> GOAL OF THE EXERCISE
From the line containing "PSYCHO BUNNY Mens Frank Back Graphic Tee" down to the line containing "Adidas Originals Nite" in the records below, reproduce every line exactly, ends included, and omit all others.

> Brief descriptive captions
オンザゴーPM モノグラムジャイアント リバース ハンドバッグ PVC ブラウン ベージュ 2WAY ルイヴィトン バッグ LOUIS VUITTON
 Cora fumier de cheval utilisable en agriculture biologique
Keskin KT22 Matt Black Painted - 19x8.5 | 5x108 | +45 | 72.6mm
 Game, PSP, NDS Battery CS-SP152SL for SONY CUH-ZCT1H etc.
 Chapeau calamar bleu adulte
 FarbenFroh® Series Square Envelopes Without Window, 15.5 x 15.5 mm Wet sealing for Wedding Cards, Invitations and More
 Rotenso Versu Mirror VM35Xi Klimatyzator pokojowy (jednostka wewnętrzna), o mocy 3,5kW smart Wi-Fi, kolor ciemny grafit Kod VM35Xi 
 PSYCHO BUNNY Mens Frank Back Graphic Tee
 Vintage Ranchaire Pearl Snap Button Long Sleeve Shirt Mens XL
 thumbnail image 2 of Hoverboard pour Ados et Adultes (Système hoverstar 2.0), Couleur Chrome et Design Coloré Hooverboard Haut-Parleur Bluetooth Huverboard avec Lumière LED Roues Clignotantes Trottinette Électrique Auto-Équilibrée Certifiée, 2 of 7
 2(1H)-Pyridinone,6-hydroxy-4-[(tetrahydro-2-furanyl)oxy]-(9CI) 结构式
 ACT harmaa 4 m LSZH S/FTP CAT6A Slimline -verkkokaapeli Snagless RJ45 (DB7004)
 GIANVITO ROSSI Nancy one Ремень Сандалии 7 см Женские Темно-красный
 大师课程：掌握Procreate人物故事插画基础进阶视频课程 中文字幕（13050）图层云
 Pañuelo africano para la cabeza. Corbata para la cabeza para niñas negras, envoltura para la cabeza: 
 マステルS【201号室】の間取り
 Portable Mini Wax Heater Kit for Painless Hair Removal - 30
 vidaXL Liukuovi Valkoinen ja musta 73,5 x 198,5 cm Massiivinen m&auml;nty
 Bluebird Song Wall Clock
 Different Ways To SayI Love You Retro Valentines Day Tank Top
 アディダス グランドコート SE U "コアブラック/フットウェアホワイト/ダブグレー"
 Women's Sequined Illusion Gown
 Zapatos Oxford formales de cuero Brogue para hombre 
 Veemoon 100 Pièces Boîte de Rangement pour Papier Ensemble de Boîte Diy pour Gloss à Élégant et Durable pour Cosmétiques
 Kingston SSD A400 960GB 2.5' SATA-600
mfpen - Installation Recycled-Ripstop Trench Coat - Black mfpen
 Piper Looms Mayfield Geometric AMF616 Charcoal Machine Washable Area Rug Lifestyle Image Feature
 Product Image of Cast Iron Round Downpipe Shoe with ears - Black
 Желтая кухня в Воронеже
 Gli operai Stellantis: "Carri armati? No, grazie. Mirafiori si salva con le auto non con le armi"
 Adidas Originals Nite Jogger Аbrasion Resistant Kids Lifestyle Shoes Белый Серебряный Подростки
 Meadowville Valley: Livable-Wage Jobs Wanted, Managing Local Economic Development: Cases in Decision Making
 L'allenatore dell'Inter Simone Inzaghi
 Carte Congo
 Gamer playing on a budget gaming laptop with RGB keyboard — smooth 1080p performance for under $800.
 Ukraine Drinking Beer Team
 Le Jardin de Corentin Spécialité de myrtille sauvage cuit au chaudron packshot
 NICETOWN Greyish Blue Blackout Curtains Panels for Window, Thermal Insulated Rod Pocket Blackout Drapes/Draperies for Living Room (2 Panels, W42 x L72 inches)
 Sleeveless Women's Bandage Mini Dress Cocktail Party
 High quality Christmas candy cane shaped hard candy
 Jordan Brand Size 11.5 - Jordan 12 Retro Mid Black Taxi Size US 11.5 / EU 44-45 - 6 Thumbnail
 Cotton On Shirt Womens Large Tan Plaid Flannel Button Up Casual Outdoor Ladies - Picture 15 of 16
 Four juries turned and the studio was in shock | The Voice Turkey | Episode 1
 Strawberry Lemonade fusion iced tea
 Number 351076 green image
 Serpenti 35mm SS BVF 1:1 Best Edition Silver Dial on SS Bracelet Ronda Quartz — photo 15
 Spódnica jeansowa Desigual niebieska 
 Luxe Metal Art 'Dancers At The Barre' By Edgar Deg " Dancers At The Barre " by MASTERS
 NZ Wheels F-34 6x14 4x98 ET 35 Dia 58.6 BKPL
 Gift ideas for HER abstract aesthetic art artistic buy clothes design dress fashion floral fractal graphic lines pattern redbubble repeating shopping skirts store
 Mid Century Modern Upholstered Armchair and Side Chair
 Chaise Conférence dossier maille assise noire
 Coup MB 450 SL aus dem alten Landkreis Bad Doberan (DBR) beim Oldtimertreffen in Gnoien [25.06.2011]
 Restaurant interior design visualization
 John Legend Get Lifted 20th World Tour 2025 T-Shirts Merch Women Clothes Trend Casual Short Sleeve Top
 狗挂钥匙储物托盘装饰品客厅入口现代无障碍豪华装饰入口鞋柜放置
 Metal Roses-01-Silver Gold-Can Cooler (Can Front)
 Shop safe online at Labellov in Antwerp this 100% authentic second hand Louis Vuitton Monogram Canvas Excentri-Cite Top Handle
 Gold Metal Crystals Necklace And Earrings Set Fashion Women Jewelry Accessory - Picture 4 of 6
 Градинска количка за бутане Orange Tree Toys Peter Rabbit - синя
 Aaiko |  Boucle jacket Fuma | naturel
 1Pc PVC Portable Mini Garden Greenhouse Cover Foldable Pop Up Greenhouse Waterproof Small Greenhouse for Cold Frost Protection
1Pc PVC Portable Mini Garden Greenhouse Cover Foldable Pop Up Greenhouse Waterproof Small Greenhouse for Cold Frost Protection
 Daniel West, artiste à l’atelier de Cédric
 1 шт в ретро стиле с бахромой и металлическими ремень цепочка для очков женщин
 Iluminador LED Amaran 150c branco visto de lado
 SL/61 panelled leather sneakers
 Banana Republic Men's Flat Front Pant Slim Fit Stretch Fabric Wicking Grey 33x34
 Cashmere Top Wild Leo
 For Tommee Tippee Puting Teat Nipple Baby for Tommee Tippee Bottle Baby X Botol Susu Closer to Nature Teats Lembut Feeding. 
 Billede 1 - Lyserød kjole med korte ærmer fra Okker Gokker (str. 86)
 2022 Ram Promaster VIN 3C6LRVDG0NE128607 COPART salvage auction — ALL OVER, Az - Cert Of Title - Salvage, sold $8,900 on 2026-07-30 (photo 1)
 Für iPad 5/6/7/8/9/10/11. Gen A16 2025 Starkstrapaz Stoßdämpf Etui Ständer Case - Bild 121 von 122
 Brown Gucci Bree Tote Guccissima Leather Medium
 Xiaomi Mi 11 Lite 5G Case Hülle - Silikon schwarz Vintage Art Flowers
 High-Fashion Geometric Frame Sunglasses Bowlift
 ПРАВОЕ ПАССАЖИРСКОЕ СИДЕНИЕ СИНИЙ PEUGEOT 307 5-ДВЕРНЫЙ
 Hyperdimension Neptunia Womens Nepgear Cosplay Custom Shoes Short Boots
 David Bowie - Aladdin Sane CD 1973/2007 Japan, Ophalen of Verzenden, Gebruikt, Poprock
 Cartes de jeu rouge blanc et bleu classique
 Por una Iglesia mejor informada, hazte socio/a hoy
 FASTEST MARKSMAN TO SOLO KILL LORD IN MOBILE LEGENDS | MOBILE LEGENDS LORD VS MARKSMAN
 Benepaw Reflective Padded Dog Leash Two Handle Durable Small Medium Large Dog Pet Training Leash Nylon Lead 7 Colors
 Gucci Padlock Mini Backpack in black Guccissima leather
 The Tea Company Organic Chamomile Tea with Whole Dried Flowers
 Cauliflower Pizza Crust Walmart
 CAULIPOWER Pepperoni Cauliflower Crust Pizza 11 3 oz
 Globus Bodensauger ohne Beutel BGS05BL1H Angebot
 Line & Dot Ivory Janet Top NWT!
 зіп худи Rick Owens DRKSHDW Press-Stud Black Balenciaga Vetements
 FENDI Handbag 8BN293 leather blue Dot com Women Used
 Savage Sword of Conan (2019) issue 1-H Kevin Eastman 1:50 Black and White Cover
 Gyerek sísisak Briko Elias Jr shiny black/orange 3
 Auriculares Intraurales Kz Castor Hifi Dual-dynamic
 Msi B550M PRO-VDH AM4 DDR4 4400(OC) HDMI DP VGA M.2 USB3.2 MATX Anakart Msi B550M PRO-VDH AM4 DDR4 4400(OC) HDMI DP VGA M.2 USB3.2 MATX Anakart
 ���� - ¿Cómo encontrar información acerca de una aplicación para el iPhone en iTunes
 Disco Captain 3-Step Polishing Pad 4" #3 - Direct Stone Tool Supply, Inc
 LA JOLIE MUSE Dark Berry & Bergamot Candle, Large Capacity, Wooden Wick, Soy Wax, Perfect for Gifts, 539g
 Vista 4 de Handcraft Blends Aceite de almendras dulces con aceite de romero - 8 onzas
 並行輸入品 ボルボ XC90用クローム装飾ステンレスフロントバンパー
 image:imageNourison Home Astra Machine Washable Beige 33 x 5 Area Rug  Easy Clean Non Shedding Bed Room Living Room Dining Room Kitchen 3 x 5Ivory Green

> SOLUTION
 PSYCHO BUNNY Mens Frank Back Graphic Tee
 Vintage Ranchaire Pearl Snap Button Long Sleeve Shirt Mens XL
 thumbnail image 2 of Hoverboard pour Ados et Adultes (Système hoverstar 2.0), Couleur Chrome et Design Coloré Hooverboard Haut-Parleur Bluetooth Huverboard avec Lumière LED Roues Clignotantes Trottinette Électrique Auto-Équilibrée Certifiée, 2 of 7
 2(1H)-Pyridinone,6-hydroxy-4-[(tetrahydro-2-furanyl)oxy]-(9CI) 结构式
 ACT harmaa 4 m LSZH S/FTP CAT6A Slimline -verkkokaapeli Snagless RJ45 (DB7004)
 GIANVITO ROSSI Nancy one Ремень Сандалии 7 см Женские Темно-красный
 大师课程：掌握Procreate人物故事插画基础进阶视频课程 中文字幕（13050）图层云
 Pañuelo africano para la cabeza. Corbata para la cabeza para niñas negras, envoltura para la cabeza: 
 マステルS【201号室】の間取り
 Portable Mini Wax Heater Kit for Painless Hair Removal - 30
 vidaXL Liukuovi Valkoinen ja musta 73,5 x 198,5 cm Massiivinen m&auml;nty
 Bluebird Song Wall Clock
 Different Ways To SayI Love You Retro Valentines Day Tank Top
 アディダス グランドコート SE U "コアブラック/フットウェアホワイト/ダブグレー"
 Women's Sequined Illusion Gown
 Zapatos Oxford formales de cuero Brogue para hombre 
 Veemoon 100 Pièces Boîte de Rangement pour Papier Ensemble de Boîte Diy pour Gloss à Élégant et Durable pour Cosmétiques
 Kingston SSD A400 960GB 2.5' SATA-600
mfpen - Installation Recycled-Ripstop Trench Coat - Black mfpen
 Piper Looms Mayfield Geometric AMF616 Charcoal Machine Washable Area Rug Lifestyle Image Feature
 Product Image of Cast Iron Round Downpipe Shoe with ears - Black
 Желтая кухня в Воронеже
 Gli operai Stellantis: "Carri armati? No, grazie. Mirafiori si salva con le auto non con le armi"
 Adidas Originals Nite Jogger Аbrasion Resistant Kids Lifestyle Shoes Белый Серебряный Подростки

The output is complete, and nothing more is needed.